(AP) -- The European Union said Tuesday that some 100 million Europeans using Microsoft Corp. software will be asked to choose among rival Web browsers by mid-May under a deal it struck with the company to settle antitrust action.
Microsoft is starting this month to send updates to Windows computers in Europe so that when computer users log on, they will see a pop-up screen asking them to pick one or more of 12 free Web browsers to download and install, including Microsoft.
The EU's executive commission said giving consumers the chance to try an alternative to Microsoft's Internet Explorer browser that comes with the widely used Windows operating system would "bring more competition and innovation in this important area."
EU antitrust regulators in December dropped their last pending antitrust case against Microsoft after the company offered to let users choose between its browser and others. This ended more than a decade of legal trouble that racked up euro1.7 billion in fines for Microsoft.
Rivals had complained that attaching Internet Explorer to Windows was an unfair way for Microsoft to put its Web software on most of the world's computers.
The top five browsers - Microsoft's Internet Explorer, Mozilla's Firefox, Google Inc.'s Chrome, Apple Inc.'s Safari and Opera, will be given prominent placement on the pop-up choice screen.
The selections will rotate from computer to computer, so none of the these five browsers will always be first.
Far smaller competitors such as Avant Browser, Flock, Green Browser, K-Meleon, Maxthon, Sleipnir and Slim Browser also will be displayed, if the user scrolls sideways.
The EU said greater browser choice also would boost the use of open Web standards - a set of guidelines on how Web sites are designed.

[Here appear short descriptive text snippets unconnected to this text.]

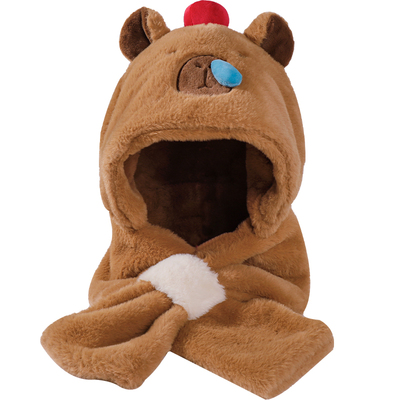 仔仔象儿童毛绒加厚保暖帽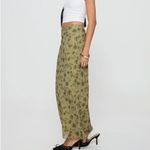 Princess Polly Green Maxi Skirt Photo 3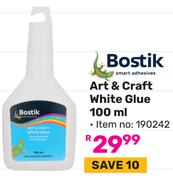 Bostik Art & Craft White Glue 190242-100ml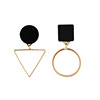 Asymmetrical fashionable earrings, European style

Rivals claim that Microsoft has not always followed these standards closely, forcing Web designers to make sites compatible with Internet Explorer - the leading browser - instead of working smoothly with other Web software.
Microsoft's browser choice screen will be used for five years in the 27-nation European Union plus Norway, Iceland and Liechtenstein.
Microsoft could be fined 10 percent of its annual revenue if it doesn't stick to its commitment to distribute the browser screen as agreed and to avoid any retaliation against computer manufacturers who install other browsers as a default on the computers they sell.
Users in the U.S. and elsewhere won't see any change.